Tentu hadirnya kapal cantrang ini menjadi persoalan baru bagi masyarakat nelayan tradisional kepulauan Natuna dan Anambas. Persoalan itu tentu menjadi keberatan bagi masyarakat nelayan setempat atas kehadirannya kapal kapal cantrang yang menggunakan alat tangkap canggih dibandingkan alat tangkap yang dimiliki oleh masyarakat nelayan setempat yang menggunakan alat tangkap tradisional.
Kembali kehadiran ini atas kebijakan pemerintah menjadi dilema baru bagi masyarakat nelayan setempat, dalam program pemerintah kawasan operasi atas kapal nelayan tersebut sudah di tentukan daerah operasinya, tetapi fakta di lapangan kegiatan exsplorasi yang dilakukan oleh kapal cantrang tersebut tidak mematuhi dan mengikuti kawasan yang telah ditentukan pemerintah seperti di kawasan 7:11 yang mana mereka melakukan kegiatan operasional di kawasan tangkap masyarakat nelayan tradisional yang hanya berjarak belasan mil dari bibir pantai.

Selain laut yang dijarah, kini masyarakat Natuna kembali diresakan dengan kegiatan tambang pasir kuarsa yang dilakukan oleh beberapa perusahaan-perusahaan tambang pasir yang akan memporak-porandakan daratan kepulauan Natuna untuk melakukan eksplorasi pasir kuarsa secara besar-besaran yang diduga akan dikirim ke ke Tiongkok.
Ribuan lahan sudah di peta petakan oleh perusahaan-perusahaan penambang pasir kuarsa yang akan memporak-porandakan daratan kepulauan Natuna yang hanya memiliki luas daratan 2.001,30 km2 dan luas lautan 262.197,07 km2.
Walaupun hanya diduga memiliki WIUP, perusahaan tambang ini sudah mulai melakukan kegiatan seperti persiapan untuk operasi exsplorasi atas SDA berupa pasir silika tersebut.
Dari hasil survei lapangan dan informasi data redaksi, beberapa perusahaan tambang yang akan melakukan tambang pasir silika ini telah melakukan pembebasan lahan warga secara besar besaran di pulau besar Bunguran Natuna.

Atas kegiatan yang dianggap ilegal oleh warga masyarakat Natuna itu tentu penolakan bukan tampa alasan.
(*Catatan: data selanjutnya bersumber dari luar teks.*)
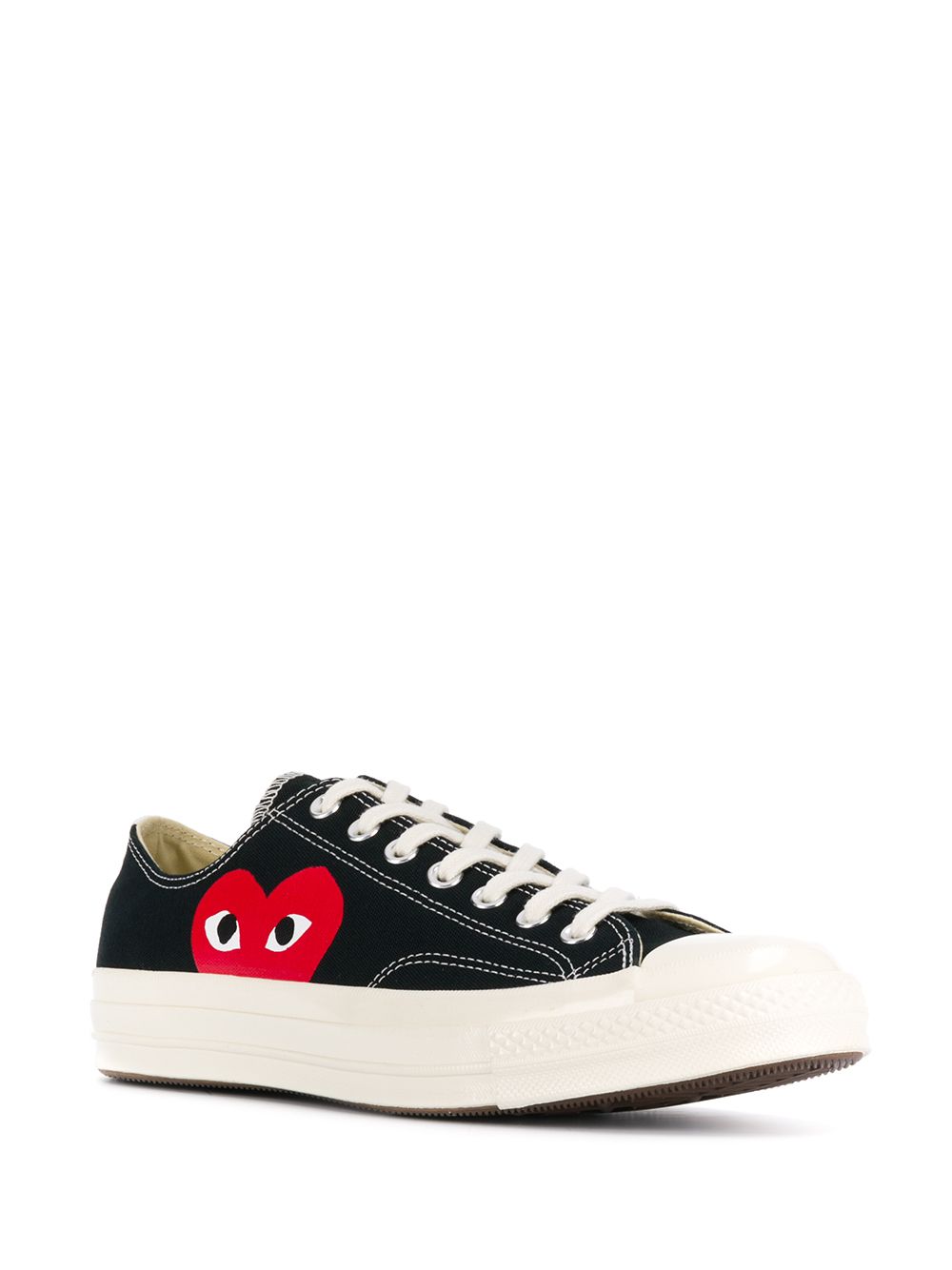 Кеды Converse comme des garcons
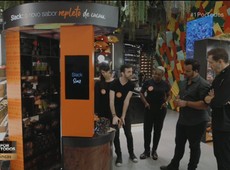 Parceiro da Cacau Show dá dicas sobre stands aos coletivos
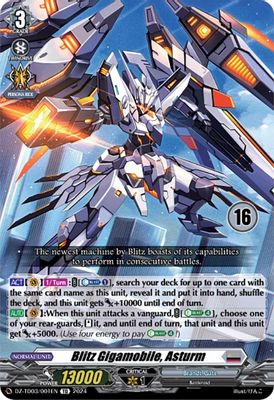 Blitz Gigamobile, Asturm (16)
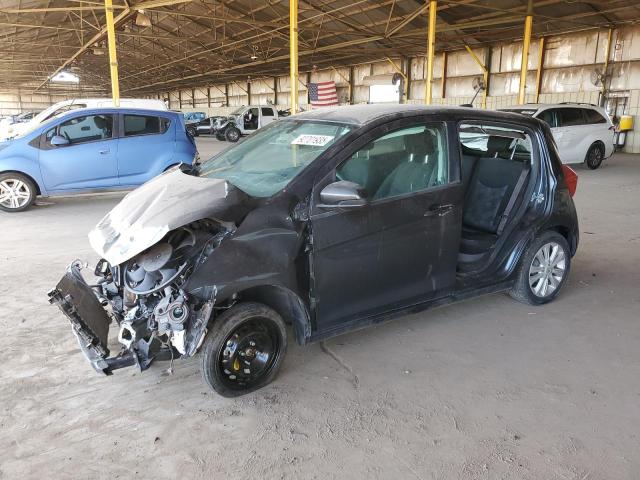2018 CHEVROLET SPARK 1LT, 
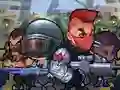 Igra Zombie Killers spletu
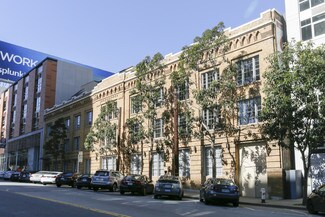 Plus de détails pour 250 Brannan St, San Francisco, CA - Bureau à louer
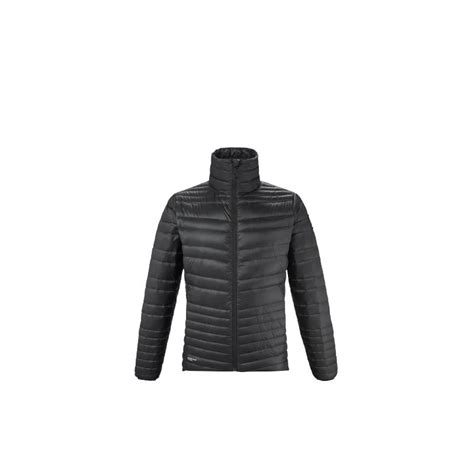 Doudoune Millet Heritage Light Down Noir Homme Alpinstore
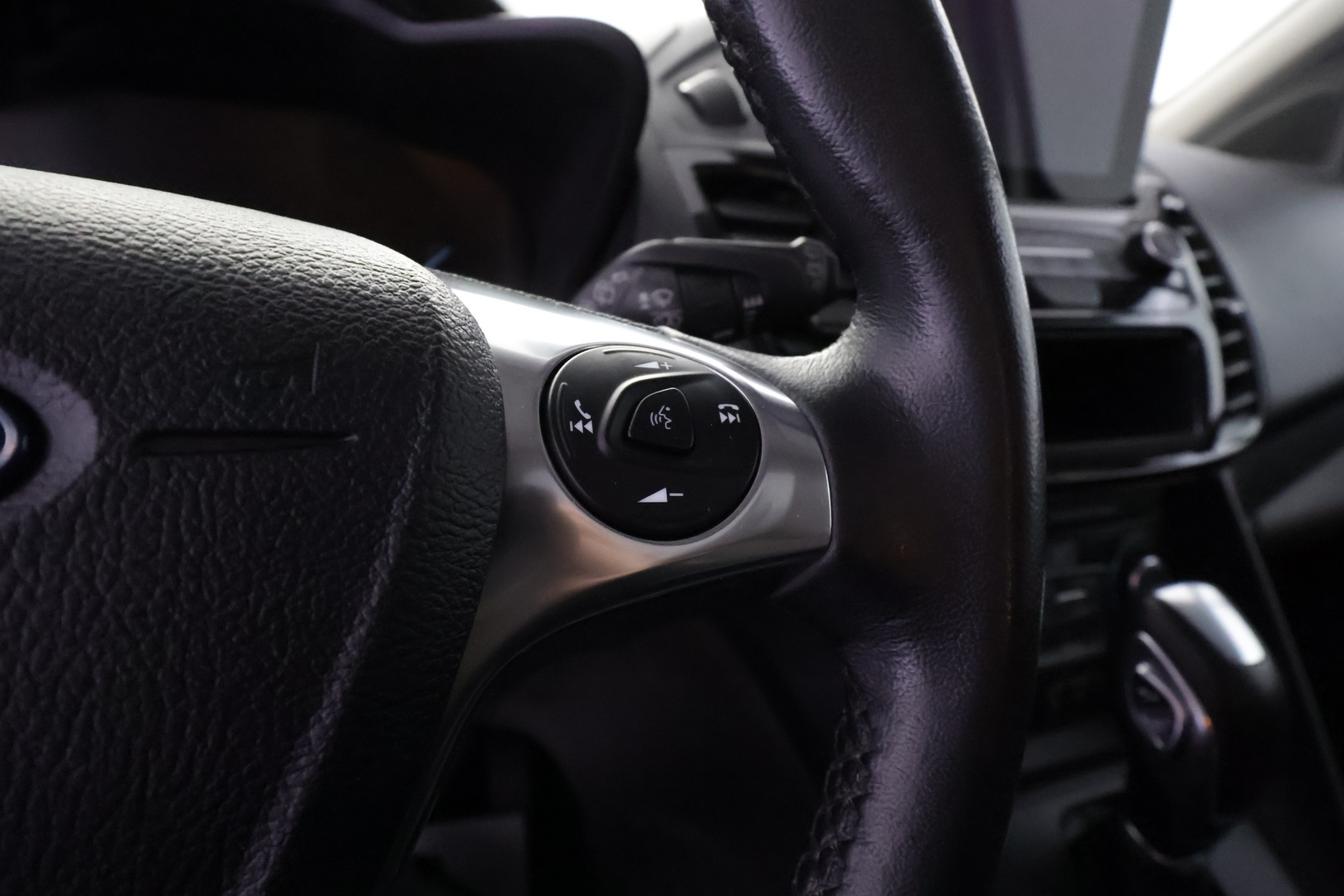 FORD Grand Tourneo Connect 2019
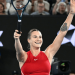 Avustralya Açık’ta kadınlarda şampiyon Sabalenka oldu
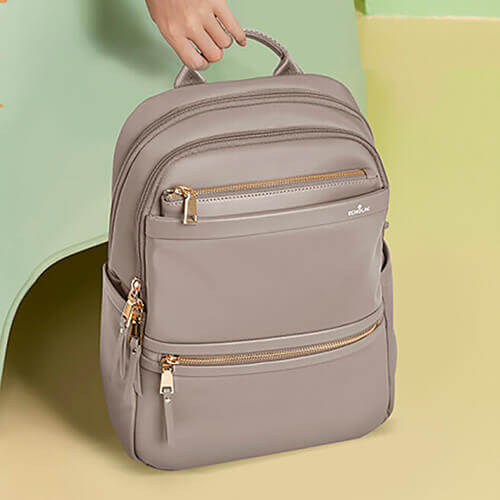 Женский рюкзак Echolac1124B2833 Olympia Backpack 13.5″
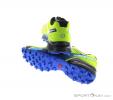 Salomon Speedcross 4 Mens Trailrunning Shoes, Salomon, Green, , Male, 0018-10598, 5637522804, 889645185507, N3-13.jpg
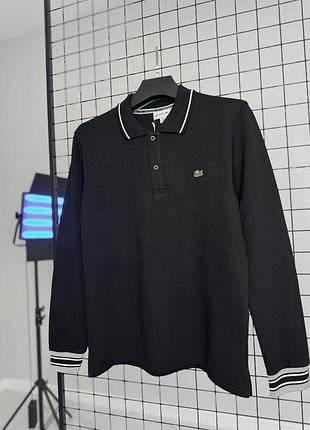 Свитшот lacoste 4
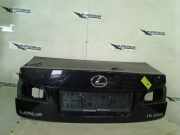 Heckklappe Lexus IS (E2) Limousine 250 2.5 V6 24V (4GRFSE) 2007-01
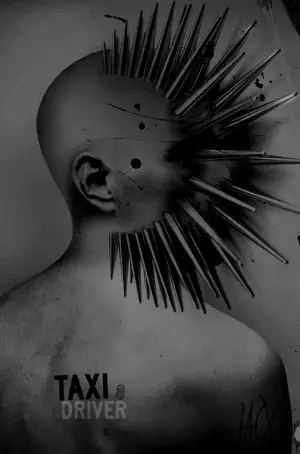 Постер до фильму"Таксист" #577269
Pertama, perlakuan kegiatan pembebasan lahan yang diduga tampa mekanisme yang jelas atau dilakukan secara terselubung alias individual. Kedua Tampa adanya sosialisasi terhadap kegiatan dan target apa yang akan dilakukan investasi yang akan dilaksanakan di bumi laut sakti rantau bertuah itu.
Kejadian ini membuat Masyarakat Natuna berang. Masyarakat Natuna beraksi bergabung dalam Aliansi Natuna Menggugat. Menyatakan sikap gerakan moral menyelamatkan lingkungan Kabupaten Natuna dari para pengusaha tambang pasir kuarsa di pulau Natuna, Kabupaten Natuna, Provinsi Kepri.
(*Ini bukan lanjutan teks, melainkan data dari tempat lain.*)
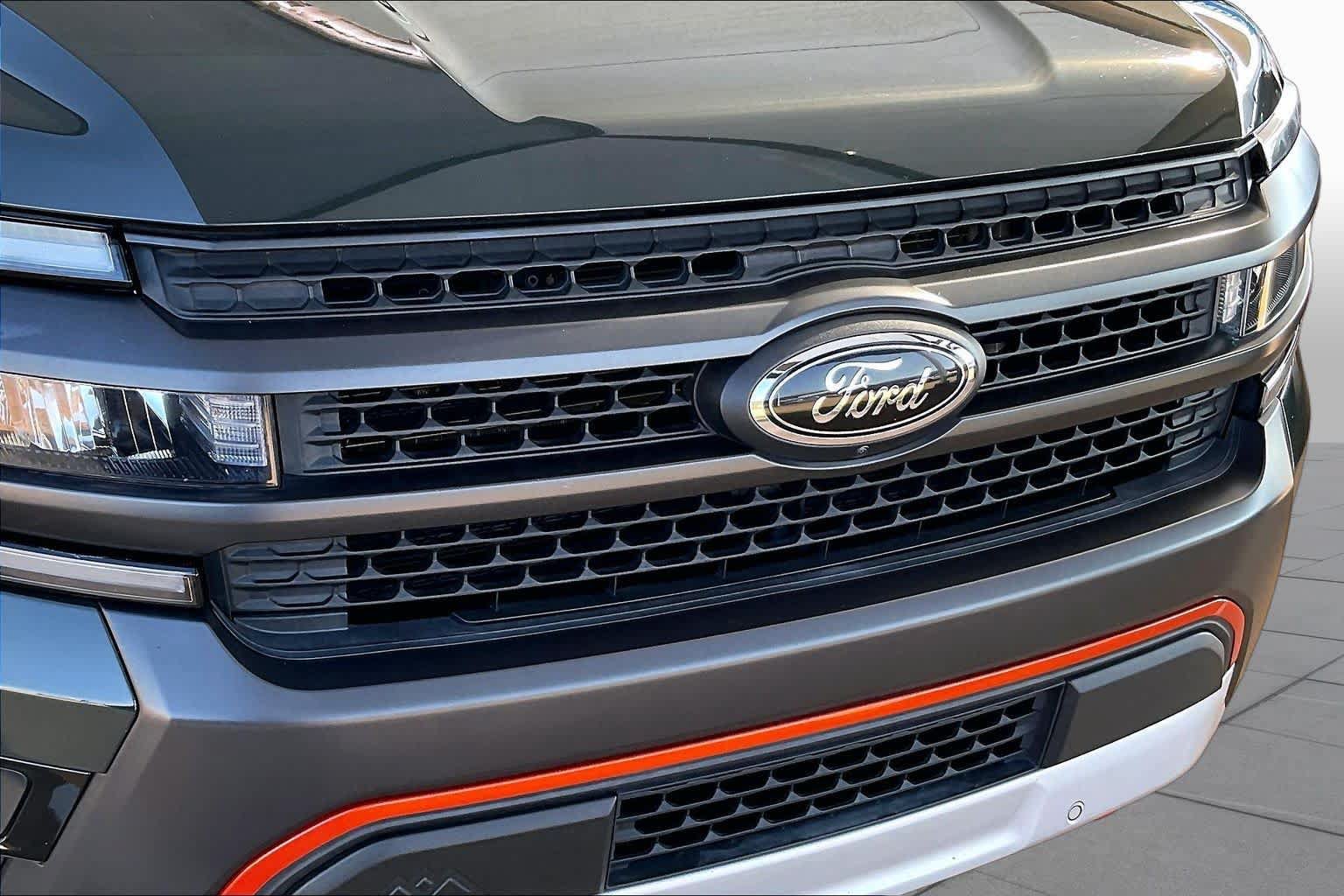 Used 2022 Ford Expedition Timberline AWD/4WD image 30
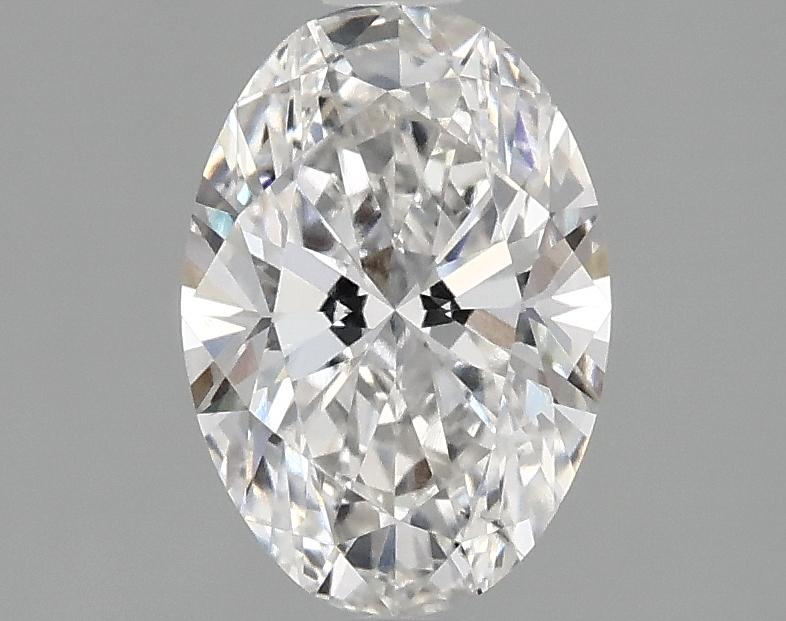 1.47 Carat Oval Shaped Ideal Cut VS2 IGI Certified Lab Grown Diamond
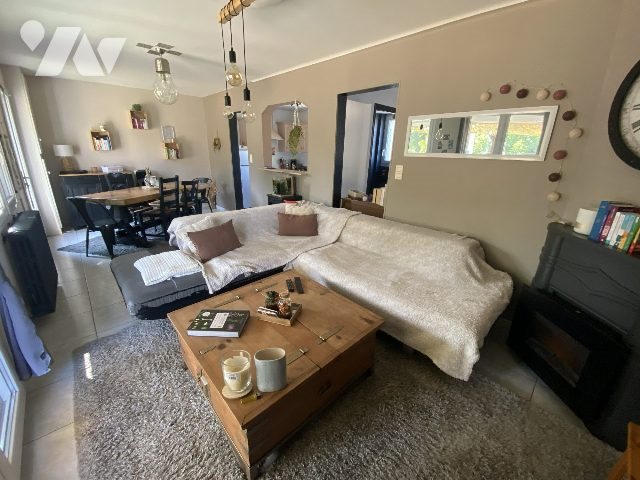 Maison à vendre, 65m², Languidic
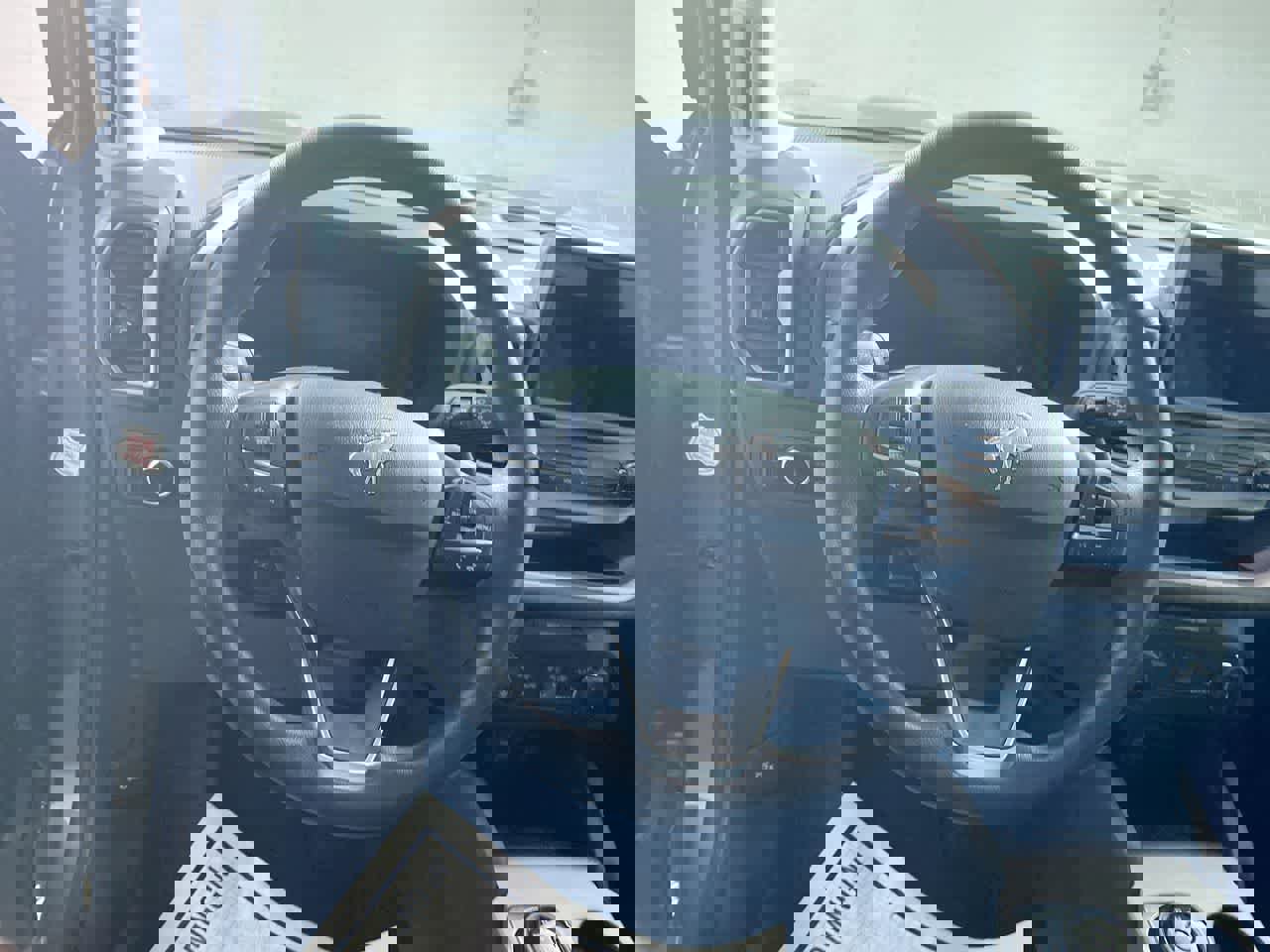 Used 2024 Ford Bronco Sport Big Bend image 16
Wan Sofian, Ketua Koordinasi Aliansi Natuna Menggugat melalui sambungan telepon kepada ranaipos.com, Kamis (12/05) pagi menyampaikan Aliansi Natuna Menggugat tersebut tergabung dari seluruh elemen masyarakat semangat peduli lingkungan dan siap menggugat kegiatan exsplorasi tambang yang akan menghancurkan alam Natuna tersebut.
“saat ini, para penambang pasir sedang ada di Natuna. Berdasarkan info yang beredar, ada 19 perusahaan tambang pasir yang akan mengeruk bumi Natuna ini,” ungkap Wan Sofian.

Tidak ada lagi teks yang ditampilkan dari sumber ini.